In prison Mandela had steeled himself for very tough negotiations that he believed strongly would take place one day. He had heard from other black leaders that Botha did not negotiate with blacks, but merely shouted. In a memorandum he sent to the president before their meeting, he warned that this would make a discussion very difficult’.
Mandela’s fears were unfounded. He later confessed that he went into the meeting ‘a bit frightened’, expecting ‘war’ because of Botha’s reputation as ‘an ANC hater’.
After the meeting he told his audiences that he considered the president to be a ‘first-class gentleman’, who treated him courteously Mandela told me: ‘In our meeting, if you did not know the South African situation, you would not know who the State President was and who the prisoner.’
Very little of substance was discussed, but Mandela made it clear that he was not willing to be freed before Walter Sisulu and others with whom he had spent many years in prison had been released.
The meeting was supposed to be kept quiet, but the president could not contain himself. On a hunting trip shortly afterwards he showed some cabinet members a photo of him, Mandela, Willemse and Barnard, and told them the story of the prison talks. The secret of this momentous event was out.
Niel Barnard was later criticised for his remark that Botha had laid the table for negotiations, leaving it to De Klerk to complete the process. But the fact is that by the end of 1988 Botha had clearly accepted the idea of negotiations with the ANC and he was the only NP leader that could secure general acceptance of this in his cabinet and caucus. But whether he and Mandela would have reached a settlement is difficult to say.

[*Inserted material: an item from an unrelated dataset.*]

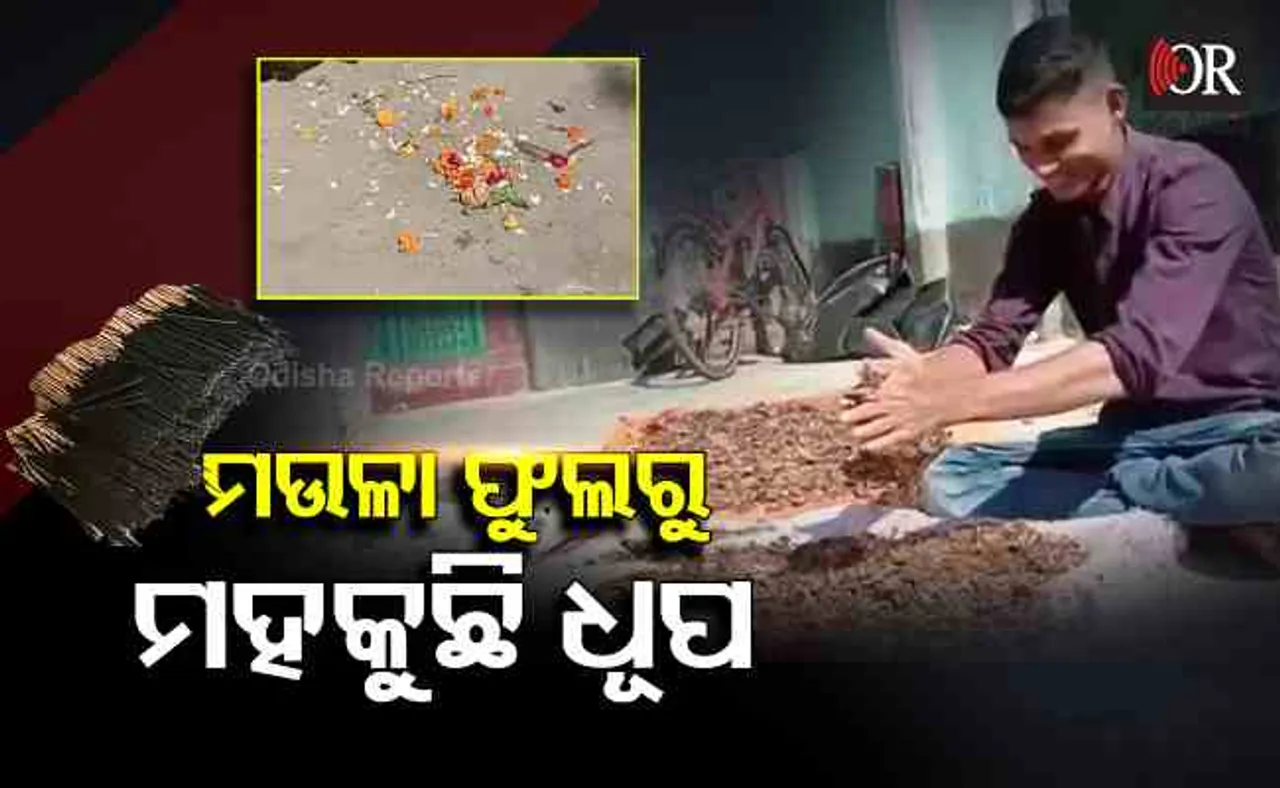 ମଉଳା ଫୁଲରୁ ମହକୁଛି ଧୂପ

While still in prison Mandela mooted the idea to Barnard of an interim government composed of whites and blacks on a 50-50 basis that would govern the country for five to ten years.[17] However, as Barnard observes: ‘The moment Mandela was free the situation was never the same again.’[18]
Conclusion
Mandela spelled out the basic framework for a negotiated agreement in a single line of a memorandum he sent to the president: the black desire for majority rule had to be reconciled with the demand that majority rule would not mean the subjugation of the white and other minorities.[19] The debate over whether the ANC government truly respects the spirit of this constitution has not yet been resolved. This issue is once again pertinent in the light of the ANC government’s announcement that it plans to disarm civilians and nationalise medical schemes.
Footnotes:
[1] Confidential 10 Downing Street Documents, Notes by Private Secretary, Lyn Parker, 4 May 1988.
[2] Public Record Office (PRO), 10 Downing Street Documents, “Prime Minister’s Meeting with the South African Foreign Minister, 15 March 1989.
[3] PRO 10 -Downing Street Documents, Notes by Private Secretary, Lyn Parker, 4 May 1988.
[4] PRO 10 -Downing Street Documents, Notes by Private Secretary, Lyn Parker, 4 May 1988.
[5] Edward J. Perkins, ‘In your hands’, Leadership, 6 (5), 1987, p. 57. Perkins might be referring to an article that suggested a pact between African and Afrikaner nationalism. See Herman.Giliomee‘The Third Way’, Sunday Times, 2 August 1987, reprinted in Hermann Giliomee and Lawrence Schlemmer (eds.), Negotiating South Africa’s future (Johannesburg: Southern Book Publishers, 1989), pp. 10-13, 114-29.